• **Given information**:
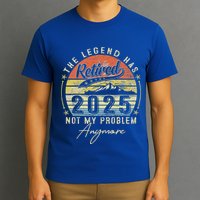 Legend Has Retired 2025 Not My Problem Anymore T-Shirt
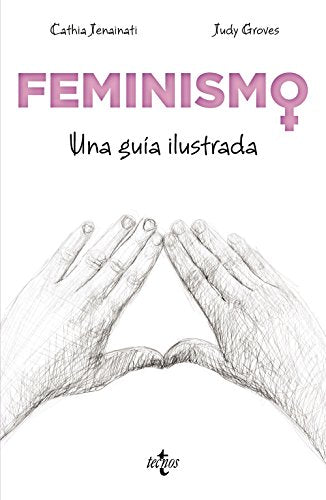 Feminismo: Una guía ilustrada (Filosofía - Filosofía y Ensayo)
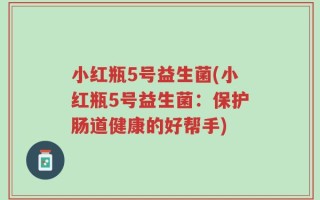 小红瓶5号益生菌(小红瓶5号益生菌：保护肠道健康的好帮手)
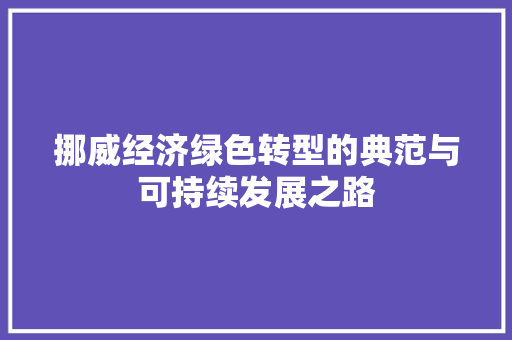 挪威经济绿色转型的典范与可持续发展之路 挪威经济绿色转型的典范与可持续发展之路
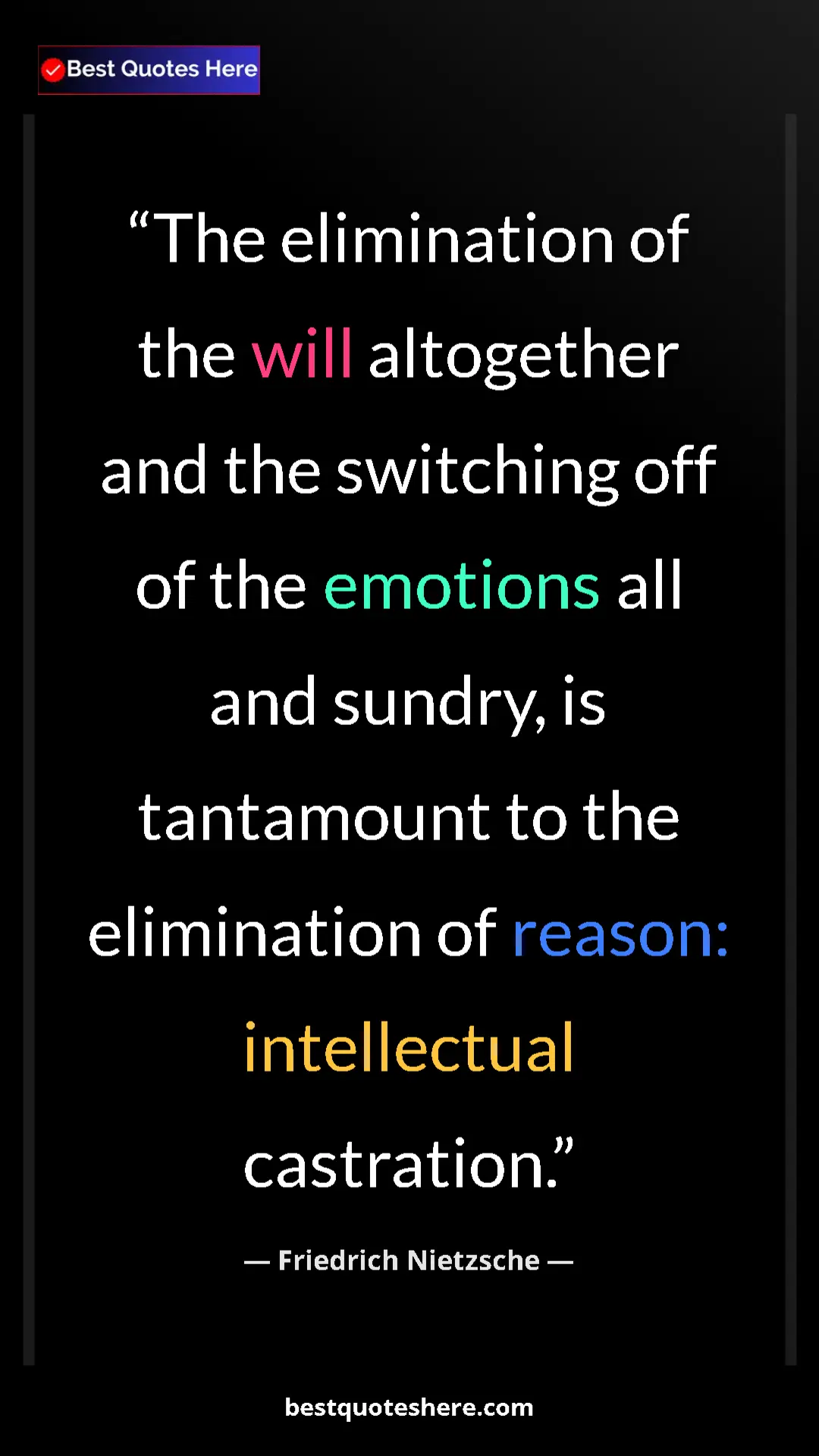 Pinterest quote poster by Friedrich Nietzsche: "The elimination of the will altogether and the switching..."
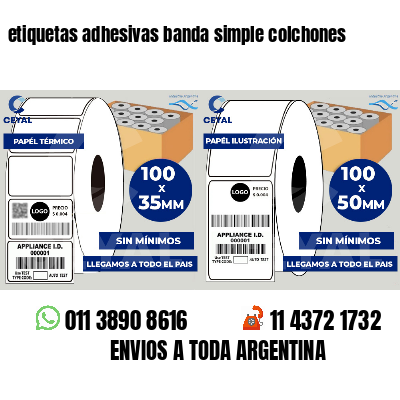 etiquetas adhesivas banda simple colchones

---

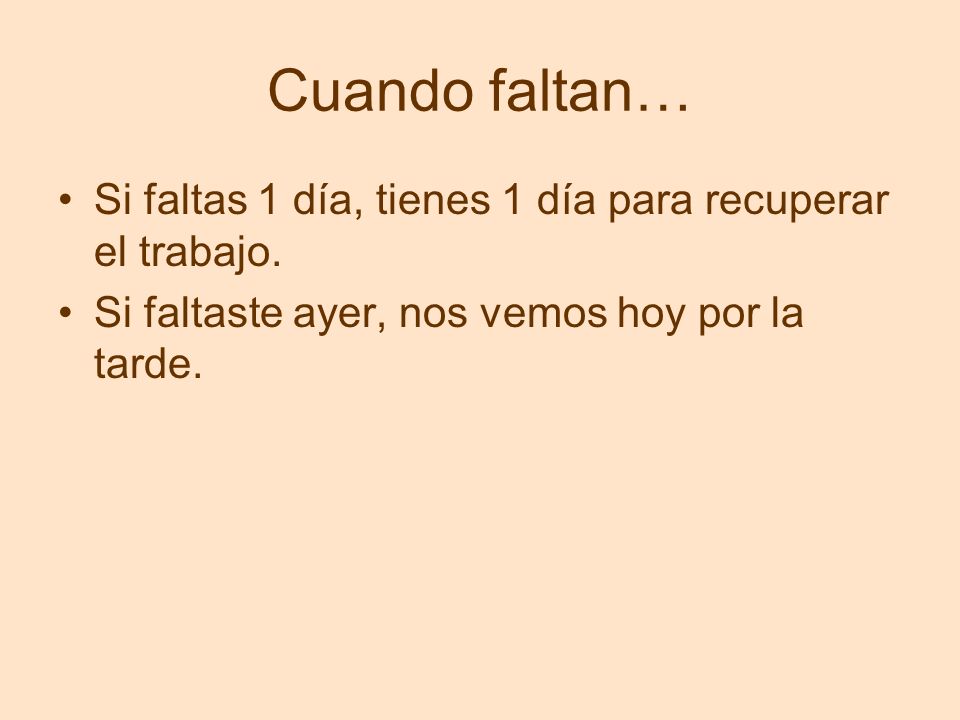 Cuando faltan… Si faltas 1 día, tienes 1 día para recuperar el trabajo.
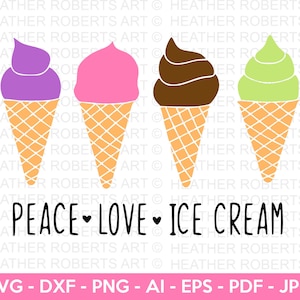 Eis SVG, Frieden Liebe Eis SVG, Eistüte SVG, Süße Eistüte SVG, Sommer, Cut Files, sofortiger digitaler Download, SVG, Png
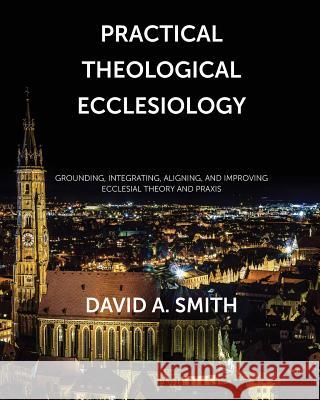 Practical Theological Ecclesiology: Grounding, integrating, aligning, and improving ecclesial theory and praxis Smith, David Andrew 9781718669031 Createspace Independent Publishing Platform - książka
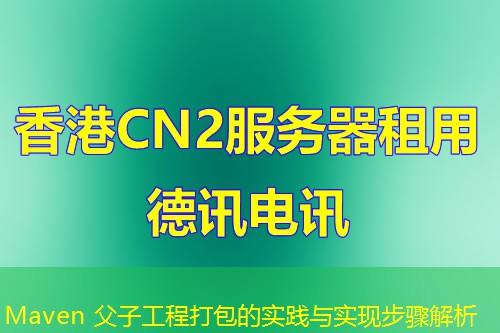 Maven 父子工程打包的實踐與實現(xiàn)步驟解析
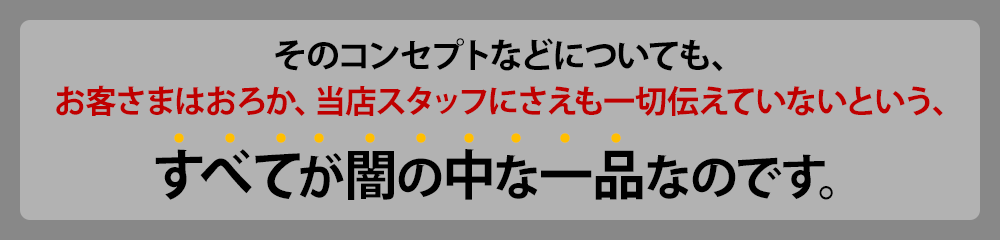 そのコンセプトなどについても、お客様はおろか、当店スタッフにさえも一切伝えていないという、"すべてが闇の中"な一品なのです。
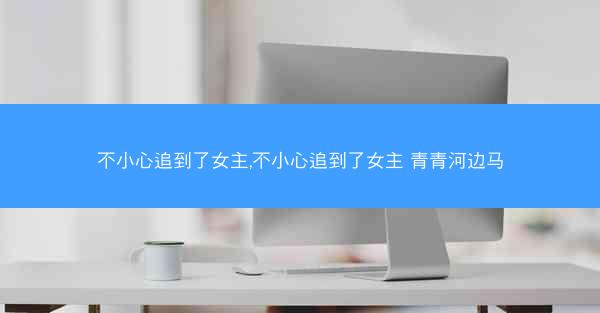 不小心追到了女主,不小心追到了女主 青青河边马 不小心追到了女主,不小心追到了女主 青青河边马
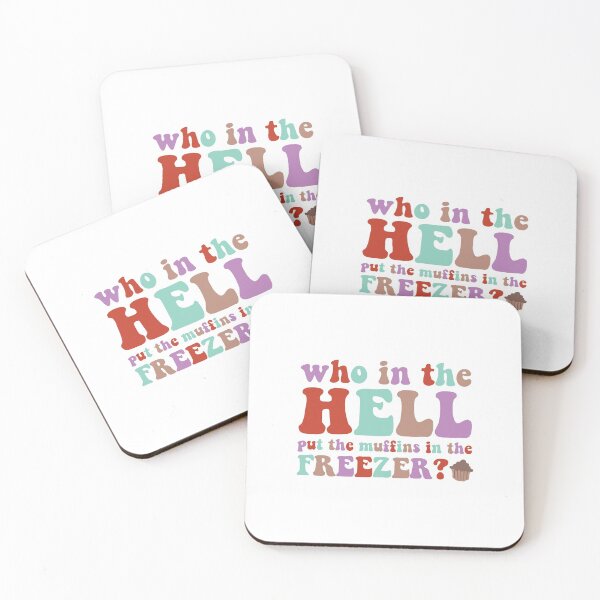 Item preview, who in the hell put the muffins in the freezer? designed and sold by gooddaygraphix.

• **Work required**: Give again the lines of the listing above that run from the one with "Eis SVG, Frieden" up to and including the one with "Item preview, who". Keep them exact and omit the pictures.

• **Output for this task**:
 Eis SVG, Frieden Liebe Eis SVG, Eistüte SVG, Süße Eistüte SVG, Sommer, Cut Files, sofortiger digitaler Download, SVG, Png
 Practical Theological Ecclesiology: Grounding, integrating, aligning, and improving ecclesial theory and praxis Smith, David Andrew 9781718669031 Createspace Independent Publishing Platform - książka
 Maven 父子工程打包的實踐與實現(xiàn)步驟解析
 そのコンセプトなどについても、お客様はおろか、当店スタッフにさえも一切伝えていないという、"すべてが闇の中"な一品なのです。
 不小心追到了女主,不小心追到了女主 青青河边马 不小心追到了女主,不小心追到了女主 青青河边马
 Item preview, who in the hell put the muffins in the freezer? designed and sold by gooddaygraphix.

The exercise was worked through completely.